En prenant des otages militaires à Nampala, le mardi 19 juillet dernier, et pariant sur le fait qu’un État sérieux n’abandonne pas ses enfants, capturés de surcroît en mission commandée ; le chef d’Ansar Eddine, Iyad Ag Ghaly, veut imposer un dialogue qui signerait son retour dans le giron de l’État.
À la différence notoire des groupes armés, membres de la Coordination des mouvements armés (MNLA, HCUA, MAA-dissident), ni l’État ni la Communauté internationale ne sont franchement disposés à dialoguer avec ce sinistre individu. D’ailleurs, sur quelle base faut-il ouvrir le dialogue ? En effet, Iyad Ag Ghali, dans une vidéo publiée le 29 juillet 2014, revendique, sans donner de précision, des tirs de roquettes et des attaques de kamikazes. Il réaffirme son objectif d’établir la charia et de se « débarrasser des croisés, la France en tête ». Étant donné que jusqu’à preuve du contraire le Mali est un État laïque, il n’existe pratiquement pas de base de discussion avec un partisan d’un État islamique. La seule base qui pourrait exister serait qu’il reste un Malien et que l’inclusivité du dialogue national voudrait que personne ne soit laissé sur le bord du chemin.
Il se trouve que ce dernier paramètre ne concerne pas non plus Iyad, puisque c’est lui-même qui s’est exclu du processus de paix et de réconciliation. Pour rappel, dans un document sonore rendu public, en octobre 2015, Iyad Ag Ghali annonce qu’il rejette l’Accord pour la paix et la réconciliation au Mali, issu du processus d’Alger, et menace la CMA, signataire du traité.
Il existe d’autres écueils à surmonter pour que Iyad soit fréquentable. À cet effet, il faut signaler qu’il fait partie de la liste noire du comité des sanctions de l’ONU contre Al-Qaïda.
Les motifs ayant concouru à son inscription sur la liste relative aux sanctions contre Al-Qaida, sont : ‘’Iyad ag Ghali a été inscrit le 25 février 2013, en application des dispositions des paragraphes 2 et 3 de la résolution 2083 (2012), comme associé à Al-Qaida pour avoir concouru à financer, organiser, faciliter, préparer ou exécuter des actes ou activités de l’Organisation d’Al-Qaida au Maghreb islamique (AQMI) (QDe.014) et du Mouvement pour l’unification et le jihad en Afrique de l’Ouest (MUJAO) (QDe.134), en association avec eux, sous leur nom, pour leur compte ou pour les soutenir, pour leur avoir fourni, vendu ou transféré des armements et matériels connexes ou pour avoir soutenu de toute autre manière des actes ou activités auxquels ils se livraient’’.
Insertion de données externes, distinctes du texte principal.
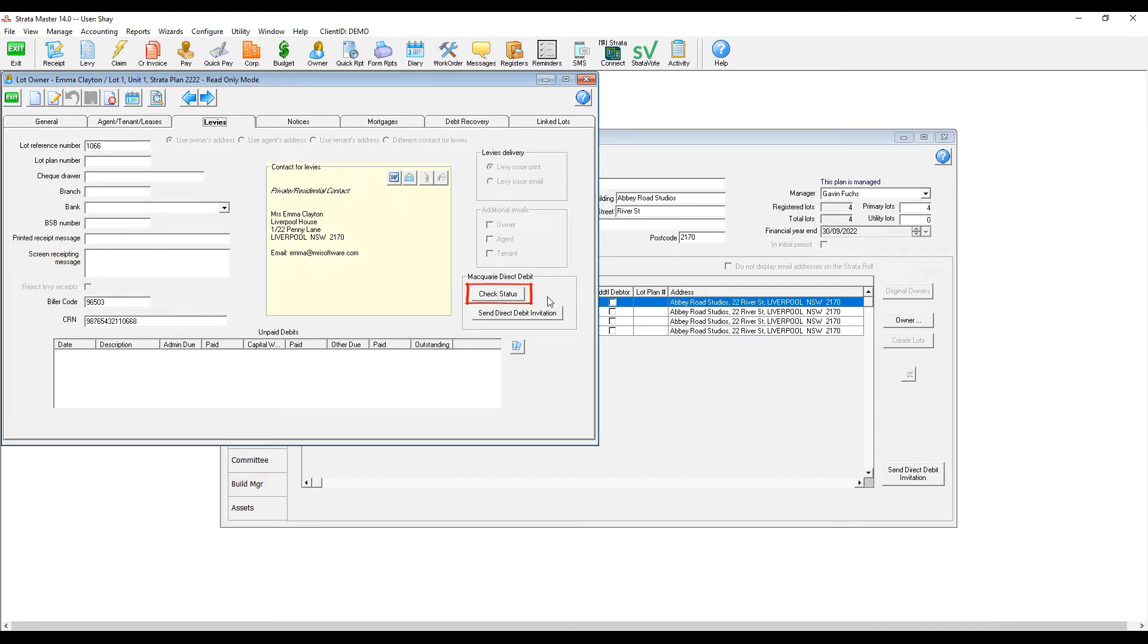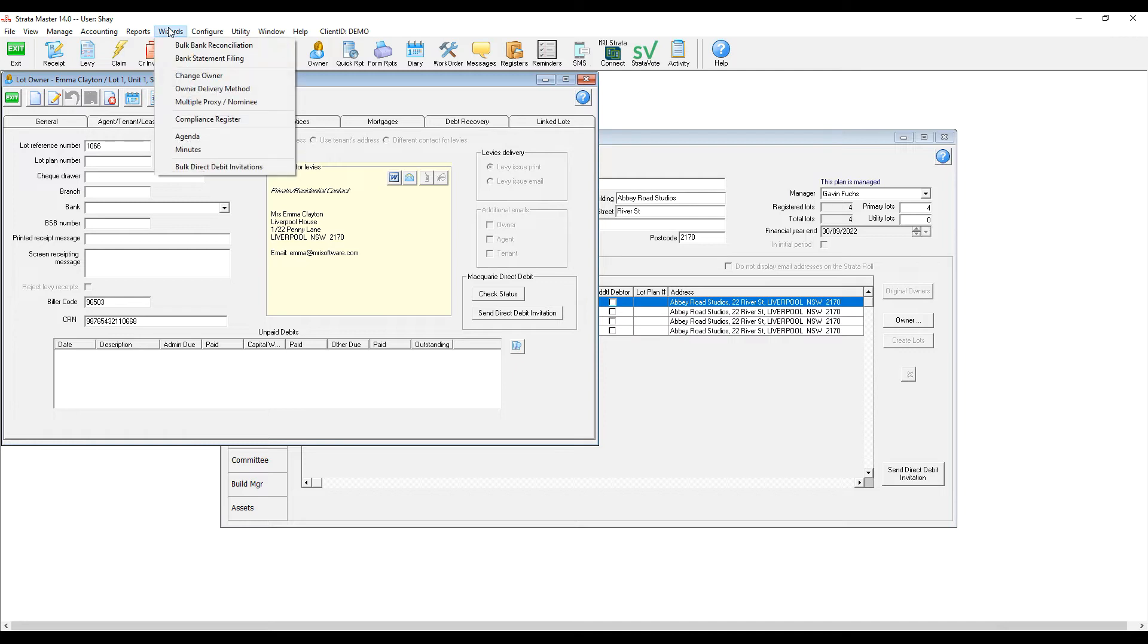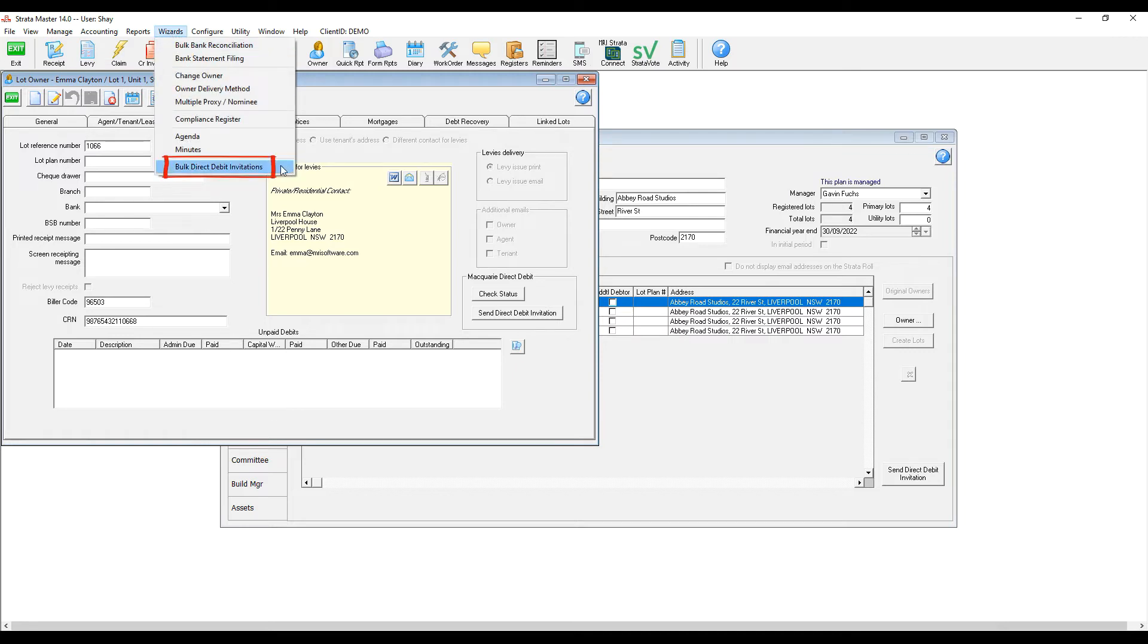But if I want to find out which lots have enabled the direct debits across my portfolio, I navigate to Wizards, Lot Direct Debit Invitations, and click on Lots with Direct Debit Enabled, and that gives me the list of lots that have enabled their direct debits.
Iyad Ag Ghaly est également inscrit sur la liste antiterroriste des États-Unis d’Amérique. Dans un communiqué du 26 février 2013, le département d’État américain indiquait : « Iyad Ag Ghali est le chef d’Ansar Dine, une organisation active au Mali et qui coopère étroitement avec Al-Qaïda au Maghreb islamique (Aqmi) ».
Il fait partie de la liste des personnes recherchées pour terrorisme par les États-Unis et par la France.
Son nom figure également sur la liste des 26 personnes contre lesquels, le Procureur général près la Cour d’Appel de Bamako a lancé des mandats d’arrêt le 9 avril 2013 pour terrorisme.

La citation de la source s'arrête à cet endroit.